No, it’s not named for an old Italian nonna, rather it’s believed to have been renamed after one of the tragic operas by Vincenzo Bellini with the same name.
They say that a Catanian (someone from Catania, in Sicily) playwright, Nino Matroglio, exclaimed that the pasta dish was as much a masterpiece as the famous opera.
While the name Pasta alla Norma may be a bit odd, the flavors are not. The simpler name, Pasta alle melanzane e pomodoro tells you what you’re actually working with in the dish.
Tying together fresh Italian tomatoes, creamy and savory eggplant, and salty ricotta you end up with a dish that is perfect for any warm summer evening, or even to help you imagine one during the cold winter.
At it’s base, this dish is a simple tomato sauce, tossed with a short pasta (macaroni, penne, etc) and cooked eggplant.
Some people roast the eggplant, giving it an earthier flavor, but the traditional recipes stick to frying them in olive oil.
If you do want to reduce the calorie count of the dish, instead of frying you can grill the eggplant slices, though it won’t be quite the same.
You also find a great deal of creativity with this dish when you leave Sicily, even to the point of including shrimp and other vegetables.
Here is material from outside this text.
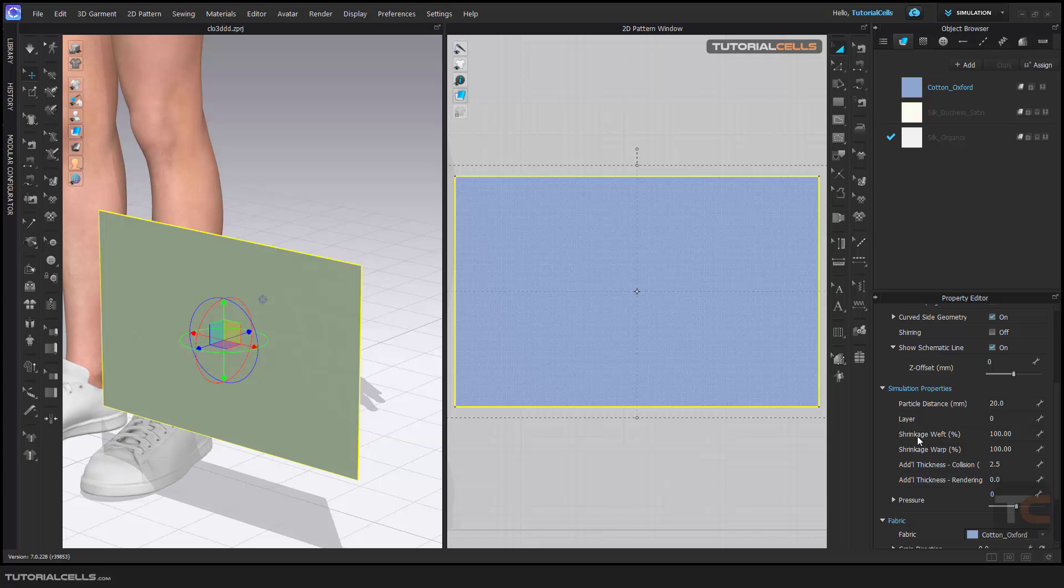the pattern in x direction or y direction. Weft is in x and warp is in y. I'll show you now.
This is not, by any means, necessary for the enjoyment of the dish.
As with most Southern Italian cuisine, simple is best. Just make sure you’ve found high quality ingredients and it is hard to go wrong.
Most of us have bad memories from some eggplant dish that was gummy and bitter. Luckily, this is easy to avoid with a little extra preparation.
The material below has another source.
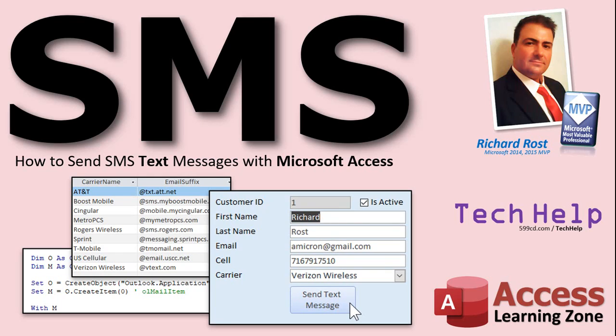Welcome to another Tech Help video brought to you by AccessLearningZone.com. I am your instructor, Richard Rost.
We recommend cutting up your eggplants according to the recipe, and then laying them out with a sprinkle of coarse salt for at least half an hour. This let’s them drain and significantly reduces the presence of any bitter flavors. Rinse off the eggplant and then pat dry so it’s ready for cooking (you want to avoid placing wet eggplant into oil to prevent oil splatters).
This is a bright and summery pasta dish, full of acidic sweet tomatoes and creamy eggplant. It goes very well with Southern Italian white wines, namely Falanghina and Greco di Tufo, or any unoaked Sicilian white you might find; an aromatic Sauvignon Blanc can be a great choice.
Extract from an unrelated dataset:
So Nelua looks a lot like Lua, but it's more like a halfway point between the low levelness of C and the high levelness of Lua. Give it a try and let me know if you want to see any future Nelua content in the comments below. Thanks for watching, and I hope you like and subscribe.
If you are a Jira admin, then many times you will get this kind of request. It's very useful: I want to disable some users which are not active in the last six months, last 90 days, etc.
If you absolutely must have red wine, take a pass on the Chianti and instead grab a Sicilian red from the slopes of Mount Etna. You’ll find these under the Etna Rossa name, and they have a richness that will go nicely with the eggplant while having the acidity to stand up to the tomato sauce. Plus, it’s a wine from the region where the dish was created, that’s never a bad thing.